Scheduling Alteryx workflow that updates data used in Tableau

by Hanna Nykowska

This is something with a lot of potential. Let’s say you are gathering your own data (eg. via web scraping or APIs) and you want your visualisations to be up-to-date without the need of you running the data workflow manually. It is actually something I’ve learnt during our Friday project of web scraping and API week with Andre.

The first part of the project was to web scrape a meteorological institute website to get weather data for the Netherlands. Easy enough. (Although there was a bit that I’ll blog about. If you wonder how to download zip files and un-zip them automatically in Alteryx, look out for my next blog posts.)

The second part was to schedule the workflow to run daily and set up a dashboard that would use the updated data, so that whenever you access the dashboard you know it’s the latest information. Not so easy.

This project was quite nice because we were working in pairs and we had Thursday afternoon and Friday morning for it. By the end of Thursday, Joe and I had our workflow ready, we just needed to upload the data to Tableau Server so that we could have a live connection there. Just

This turned out to be quite a hefty task actually and so I decided to share it with you. Especially that I think it’s an important thing to know. OK, so how do you go about it? (It might be a lengthy post so if you’re not interested in the journey but the solution, you can head to the end of the post.)

Step 1. Logistics

First of all, think about the final outcome.
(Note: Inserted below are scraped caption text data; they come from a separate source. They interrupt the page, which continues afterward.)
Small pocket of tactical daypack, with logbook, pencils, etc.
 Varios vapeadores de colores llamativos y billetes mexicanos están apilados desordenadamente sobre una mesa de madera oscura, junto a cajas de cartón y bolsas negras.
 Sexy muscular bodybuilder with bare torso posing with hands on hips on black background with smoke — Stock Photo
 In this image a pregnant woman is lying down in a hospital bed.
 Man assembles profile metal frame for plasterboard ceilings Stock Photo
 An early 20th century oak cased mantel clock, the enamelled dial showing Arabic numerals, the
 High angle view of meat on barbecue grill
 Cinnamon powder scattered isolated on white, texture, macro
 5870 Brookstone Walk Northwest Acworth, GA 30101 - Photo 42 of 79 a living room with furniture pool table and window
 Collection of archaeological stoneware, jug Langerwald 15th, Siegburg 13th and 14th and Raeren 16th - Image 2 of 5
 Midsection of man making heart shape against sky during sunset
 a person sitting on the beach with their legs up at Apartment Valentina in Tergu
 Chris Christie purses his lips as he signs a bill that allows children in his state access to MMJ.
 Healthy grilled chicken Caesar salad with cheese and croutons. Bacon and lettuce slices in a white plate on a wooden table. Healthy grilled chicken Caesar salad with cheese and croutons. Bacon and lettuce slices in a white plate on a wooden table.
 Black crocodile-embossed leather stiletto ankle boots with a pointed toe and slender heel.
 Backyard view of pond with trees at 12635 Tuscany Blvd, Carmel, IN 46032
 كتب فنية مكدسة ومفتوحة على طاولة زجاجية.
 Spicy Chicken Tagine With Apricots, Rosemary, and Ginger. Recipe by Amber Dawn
To schedule an Alteryx workflow you’ll either need Alteryx Server or Scheduler (read more here). The advantage of Alteryx Server is that you set it once and don’t really have to worry about it. With the Scheduler, you’d have to make sure your local computer is running. Thankfully, we have an Alteryx Server so we could go with that.

How do you want the users to access your viz? Is it just you, do you have a Tableau Server that you could publish your viz to? The connection to data will have to be a live connection since we want the viz to use the latest data. This means that Tableau Public is rather a no-go since not all live connections are available there.

Step 2. Publish to Tableau Server

In our case, we wanted to publish our viz on Tableau Server and so it made sense to publish the data there as well. It turned out that there even is a ‘Publish to Tableau Server’ tool in Alteryx. Great! And so the struggle began… (Spoiler alert: this didn’t work but I’ll still explain the tool and why it didn’t work)

Image result for publish to tableau server tool alteryx

As part of the connectors section, this tool, allows you to publish your output as .hyper or .tde on a Tableau Server. First things first. The newest version is not the best so I’d advise you to delete the current version (if you have it) and install 1.09 (I ended up using 1.09.2). The path to where you might find Publish to Tableau Server tool is C:\Users\[your_user]\AppData\Roaming\Alteryx\Tools. I have found a folder there which was named ‘Publish to Tableau Server’ or something along those lines. Delete it and instal the mentioned 1.09 from Alteryx Gallery. Whenever you’re using Publish to Tableau Server, now you should have the option to choose the tool version when you right-click on it:

Ok, so now that you’re using 1.09 version, you can actually connect to the Tableau Server. All the information about the server itself and your credentials are set up in the configuration pane:

An important thing to remember: include https:// when typing in the server URL. I would suggest to use a specific site instead of the default one. You can also save the connection so that you don’t have to type all of it in every single time. You will also need to provide your credentials just as you would when accessing Tableau Server via a web browser.

The next tab allows you to specify where you want to publish your data to:

What you can do here is to populate the project names list from Tableau Server. To do that, you need to select ‘Select project name’ -> Updated from and check the ‘Refresh project name list…’:

You’ll have to run the workflow and then you’ll be able to access the list of the projects. Another important note: if the ‘Refresh project name list’ is ticked, the data will not be published.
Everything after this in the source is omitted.